A 34-year-old woman presents to your office for unbearable sweating. She notes that the sweating occurs nearly daily on her hands, face, and in her axillary regions, causing social embarrassment. She has tried multiple antiperspirants to no avail. Is there anything she can take to reduce the sweating?
Hyperhidrosis is a common, self-limiting problem affecting 2% to 3% of the population in the United States.2 Patients may complain of localized sweating of the hands, feet, face, or underarms or more systemic, generalized sweating in multiple locations. Either way, patients always note a significant impact on their quality of life.
Treatment of hyperhidrosis has traditionally focused on topical therapies to the affected areas. Research has shown that localized treatment with antiperspirants containing aluminum salt is effective by both subjective report and objective measurements at reducing sweating—particularly in the axilla, hands, and feet.3,4 Additionally, a systematic review of observational and experimental studies found topical glycopyrrolate to be efficacious for craniofacial hyperhidrosis with minimal adverse effects.5 The availability of low-cost prescription and over-the-counter aluminum-based antiperspirant agents makes topicals the first-line choice.
More invasive treatments are available for hyperhidrosis that is refractory to topicals. In a double-blind, randomized controlled trial, researchers injected either botulinum toxin type A (BTX-A) 50 U or placebo in patients with bilateral primary axillary hyperhidrosis.6 Of the 207 patients who received treatment injections, 96.1% had at least a 50% reduction of axillary sweating at 4 weeks after one injection, as measured by gravimetric assessment. The BTX-A injections also produced a prolonged effect; mean duration between injections was 30.6 weeks.
Other invasive treatments include iontophoresis, surgery, and laser therapy; however, these methods are not suitable for body-wide application and are, thus, not appropriate for patients with generalized hyperhidrosis.
Oxybutynin is the first oral agent to emerge as a treatment option for hyperhidrosis. This cholinergic antagonist had historically been used to treat overactive bladder. As a cholinergic antagonist, oxybutynin not only reduces urinary frequency, but also decreases secretions in various locations and, thus, can cause dry mouth and reduce perspiration.
In one prospective placebo-controlled trial, 50 patients with generalized hyperhidrosis were randomized to receive either oxybutynin titrated from 2.5 mg orally once daily to 5 mg orally twice daily or placebo for 6 weeks.7 Seventeen (73.9%) patients receiving oxybutynin for palmar or axillary hyperhidrosis reported moderate to “great” resolution of their symptoms compared with 6 (27.3%) patients in the placebo group. Dry mouth was reported in 34.8% of patients receiving oxybutynin vs 9.1% of those who received placebo (P=.038); however, no patients dropped out of the study due to this adverse effect.7
This multicenter, randomized controlled trial compared oxybutynin to placebo in 62 adults with localized or generalized hyperhidrosis from 12 outpatient dermatology practices in France. It is the first study to include patients with a localized, as well as a generalized form of the condition.
Patients were included if they were >18 years of age, enrolled in the National Health Insurance system in France, and reported a Hyperhidrosis Disease Severity Scale (HDSS) score ≥2. The HDSS is a validated, one-question tool (“How would you rate the severity of your sweating?”).
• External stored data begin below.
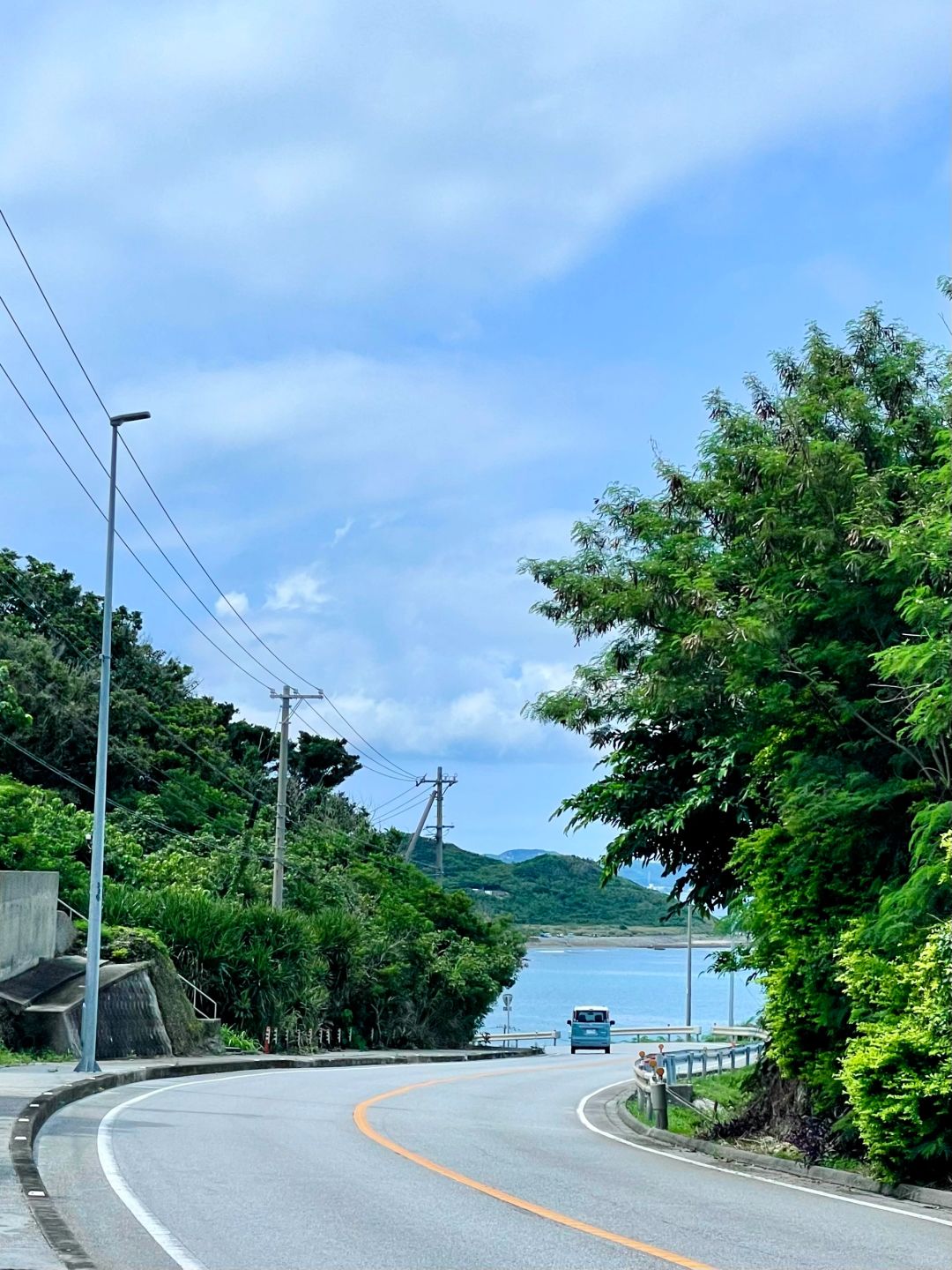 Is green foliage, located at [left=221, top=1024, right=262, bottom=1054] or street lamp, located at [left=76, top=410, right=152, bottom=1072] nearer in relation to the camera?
street lamp, located at [left=76, top=410, right=152, bottom=1072]

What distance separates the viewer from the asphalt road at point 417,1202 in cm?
983

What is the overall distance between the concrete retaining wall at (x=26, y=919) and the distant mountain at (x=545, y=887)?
3877 inches

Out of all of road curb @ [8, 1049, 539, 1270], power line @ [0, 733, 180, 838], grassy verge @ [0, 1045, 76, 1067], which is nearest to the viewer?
road curb @ [8, 1049, 539, 1270]

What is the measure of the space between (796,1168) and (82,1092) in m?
10.8

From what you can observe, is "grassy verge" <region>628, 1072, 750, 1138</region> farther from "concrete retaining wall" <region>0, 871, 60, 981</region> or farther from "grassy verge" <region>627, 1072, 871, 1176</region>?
"concrete retaining wall" <region>0, 871, 60, 981</region>

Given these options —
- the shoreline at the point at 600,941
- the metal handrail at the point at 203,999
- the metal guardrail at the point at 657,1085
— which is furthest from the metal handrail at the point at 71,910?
the shoreline at the point at 600,941

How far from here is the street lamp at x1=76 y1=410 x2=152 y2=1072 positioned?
24.6 metres

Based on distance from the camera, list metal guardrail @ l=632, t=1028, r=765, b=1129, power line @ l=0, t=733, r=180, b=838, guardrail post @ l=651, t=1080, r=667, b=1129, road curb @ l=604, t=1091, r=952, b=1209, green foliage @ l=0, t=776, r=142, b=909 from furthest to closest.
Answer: power line @ l=0, t=733, r=180, b=838 → green foliage @ l=0, t=776, r=142, b=909 → metal guardrail @ l=632, t=1028, r=765, b=1129 → guardrail post @ l=651, t=1080, r=667, b=1129 → road curb @ l=604, t=1091, r=952, b=1209

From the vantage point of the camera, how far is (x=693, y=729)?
2208 cm

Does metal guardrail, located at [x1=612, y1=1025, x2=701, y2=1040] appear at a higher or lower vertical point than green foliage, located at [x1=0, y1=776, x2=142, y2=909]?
lower

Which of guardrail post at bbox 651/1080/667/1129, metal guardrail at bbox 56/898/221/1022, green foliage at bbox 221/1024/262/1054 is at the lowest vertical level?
green foliage at bbox 221/1024/262/1054

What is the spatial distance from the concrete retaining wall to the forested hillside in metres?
1.90

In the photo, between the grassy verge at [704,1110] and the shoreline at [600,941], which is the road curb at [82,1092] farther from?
the shoreline at [600,941]

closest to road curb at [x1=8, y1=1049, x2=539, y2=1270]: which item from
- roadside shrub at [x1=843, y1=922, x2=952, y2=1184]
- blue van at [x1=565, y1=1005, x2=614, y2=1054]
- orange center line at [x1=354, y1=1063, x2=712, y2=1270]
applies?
orange center line at [x1=354, y1=1063, x2=712, y2=1270] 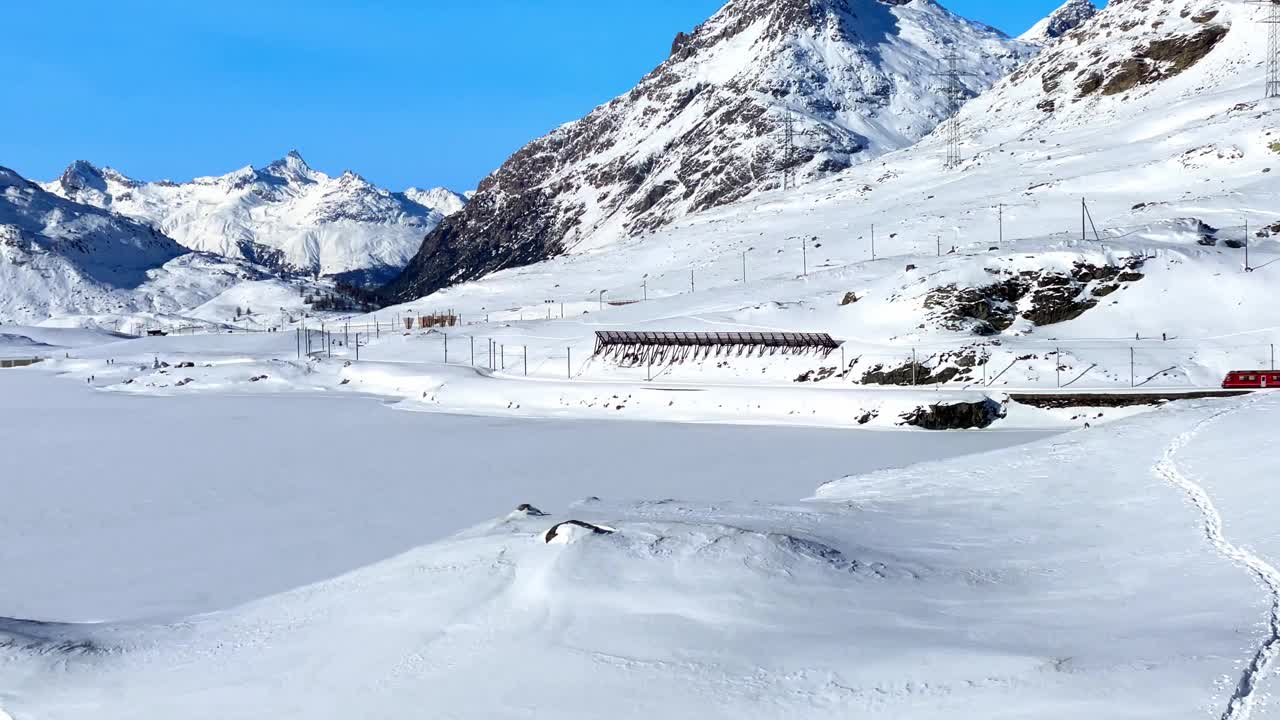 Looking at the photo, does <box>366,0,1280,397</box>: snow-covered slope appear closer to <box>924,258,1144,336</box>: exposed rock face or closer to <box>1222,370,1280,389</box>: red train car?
<box>924,258,1144,336</box>: exposed rock face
Patients provide a score of 1 (no perceptible sweating and no interference with everyday life) to 4 (intolerable sweating with constant interference with everyday life).8 Patients were excluded if they had any contraindications to the use of an anticholinergic medication.
Patients randomized to oxybutynin took 2.5 mg/d orally initially and increased gradually over 8 days until reaching an effective dose that was not more than 7.5 mg/d. They then continued at that dose for 6 weeks. The primary outcome was improvement on the HDSS by one or more points measured at the beginning of the trial and at 6 weeks. Secondary outcomes included change in quality of life, as measured by the Dermatology Life Quality Index (DLQI) and reported adverse effects. The DLQI is a dermatology-specific quality-of-life measure consisting of 10 questions. Scores range from 0 (where their disease has no impact on their quality of life) to 30 (maximum impact of their disease on their quality of life).9
Improved HDSS and DLQI scores. Most patients (83%) in the study had generalized hyperhidrosis. Patients were in their mid-thirties. Sixty percent of the patients in the oxybutynin group had an improvement of one point or more on the 4-point HDSS compared to 27% in the placebo group (P<.01). DLQI scores improved by 6.9 points in the oxybutynin group and 2.3 points in the placebo group (P<.01).
The most common adverse effect was dry mouth, which occurred in 13 patients (43%) in the oxybutynin group and in 3 patients (11%) in the placebo group (P<.01); it did not cause any patients to drop out of the study. The second most common adverse effect was blurred vision, which only occurred in the oxybutynin group (4 patients; 13%).